Thanks for your quick reply. I get weighed weekly by my GP and two weeks ago following a drop in weight I was given a week to gain or else I'd be sent to hospital. I since gained 1 kilogram so I avoided that, and if possible I'd honestly prefer to gain and get healthier at home.
But you're struggling to do it at home because you're purging... and, as you know, that's very dangerous in itself. You're calling yourself a 'stupidly weak little girl' and you say you are 'conflicted'. Frankly, I think you're asking too much of yourself in your current state to pull yourself out of the mire single-handed and all you're achieving is anger and frustration.
Despite the fact that you've gained 1kg I think you should go back to your doctor and explain what's really going on e.g the purging and your state of mind. Hospital care can be a very positive experience, especially if you really want to recover... People who are admitted against their wishes are the ones who find it a bad experience. You wouldn't be one of those people and I think you'd thrive in the environment. For one thing, you'd have much easier access to all kinds of people (psychologists, therapists, dieticians) that could help you with the problems you're facing and give you practical techniques to cope and to progress. On the spot expert help rather than weekly visits to a GP who is only generally qualified. I think that's the reality-check you asked for....
I am sorry about your struggles. Ok first thought is that you have to stop living in the past and beating yourself up. This helps in no way right now. This is very dangerous being so low weight and purging. I understand your fears but you have to stop today. If you can't then you need more support. So if you want to do it in the real world and not be in the hospital then that needs to be your goal. Can you stop today and work your way back up to 2500 at least to get to a healthy bmi? Many people change disorders or addictions because they have not faced what the underlying issues are. They just use another form of self destruction to cope or not. There will be comflicts between the ed voice and the healthy but you have to push through till the healthy outweighs the ed. You are going to feel uncomfortable with full and bloating/edema. This is a given in recovery from bulimia/anorexai. Your body is depeleted of fluids and part of why bulimia is so hard to recover from because one can gain a lot of water which is scary but will settle down when you remain healthy. The support both mentally and physically is why a hospital is suggested. I am not saying to or not to go though in medical concern I think it is a need. So I guess I will ask you are you able and willing to sit through the fears and discomfort? Are you able to do it fully today?
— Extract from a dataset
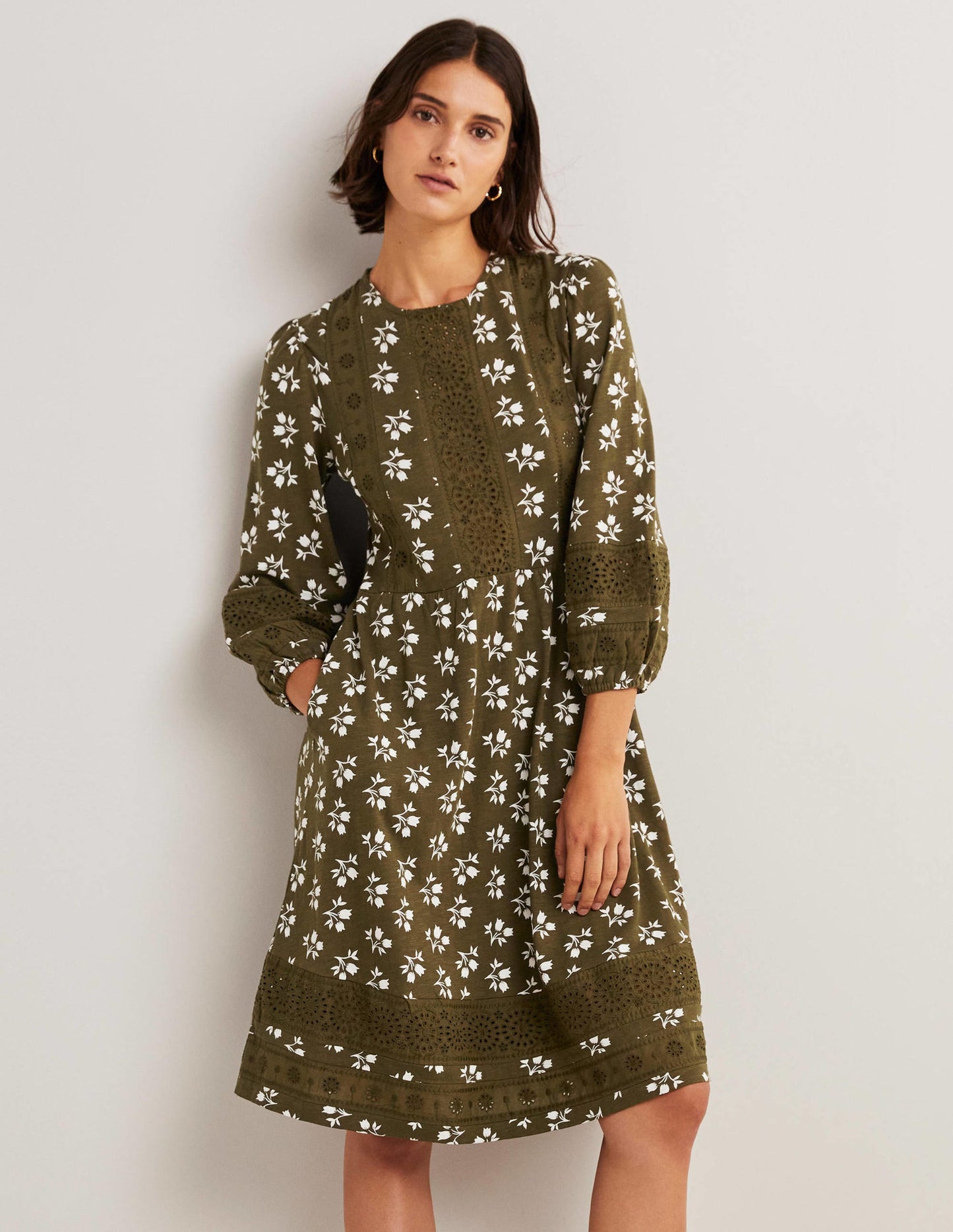 Detail Insert Jersey Dress-Basil, Bouquet Bud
I know I have to stop, I honestly cannot see myself living the next five years if I don't stop. It's 12.02AM right now (I'm in Australia) and I'm ready to push up to 2500 as soon as I wake up in the morning. But I'm worried that once I reach the healthy weight I'll get depressed and slide back down again. I want this cycle to end. Does it take a long long time for the water weight to settle?I know gaining is a good thing but I don't want to keep gaining and never stop because my body isn't used to having food in it. I'm willing to do this again, I did it at home once before although my weight hadn't gotten as low. I see a psycologist fortnightly and he is helping me also.
I am reading and I don't know what to say exactly.
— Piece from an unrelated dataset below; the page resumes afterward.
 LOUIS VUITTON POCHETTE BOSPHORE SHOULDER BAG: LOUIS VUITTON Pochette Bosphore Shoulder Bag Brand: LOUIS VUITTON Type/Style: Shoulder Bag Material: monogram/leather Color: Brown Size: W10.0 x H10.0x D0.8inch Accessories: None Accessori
I'm fearful of water weight, I'm fearful of weight gain. I'm fearful of a lot of it. I'm not as low on the BMI scale as you are but I'm underweight and underweight as a whole isn't healthy, so I'm gaining.
When you start eating and letting your body digest it, you feel better. You have to go with that. Throw away the scale and don't look at the number when someone else weighs you. Try to focus on the feeling, the feeling of being alive, of feeling energetic, of not hurting so much.
Purging creates water imbalances and causes water to be retained in your intestines, so your body's water issues are already in play. The issues from starting to eat again shouldn't be exaggerated or anything.
Are you sedentary? Did you purge via activity? It's important to rest as much as possible.
You just have to remember.... the dangers of doing it at home are that you can slip verrrrrrry easily after not having made much progress, you know? Just think about it. If they want to hospitalize you at some point, it isn't a bad thing. It's a helpful thing.
Thanks for replying bsh0611, and congratulations on deciding to choose health.
I'll take that advice on board - focusing on how good I'll feel when eating properly again, rather than the number. When I attempted recovery last year, I gained a lot of weight as soon as I started eating 2500..I'm anxious about my reaction to the weight gain this time. Although I expect it, and it's needed, so I should perhaps look at it as a GOOD thing, regardless of how quickly I gain.
I'm not exactly sedentary - one of my issues is compulsive exercising.
Everyone who has replied to this thread have made me see hospitalization is not bad at all, and I am prepared to go if I do slip.
I would recommend inpatient therapy since you've already given it a try alone. Your health is more important than your pride and it takes a lot to admit you need help and accept it.
You have to stop worrying about the end result and think about what you can do in this moment to get better. Getting too caught up on the future can be debilitating and stop your progress before it even begins.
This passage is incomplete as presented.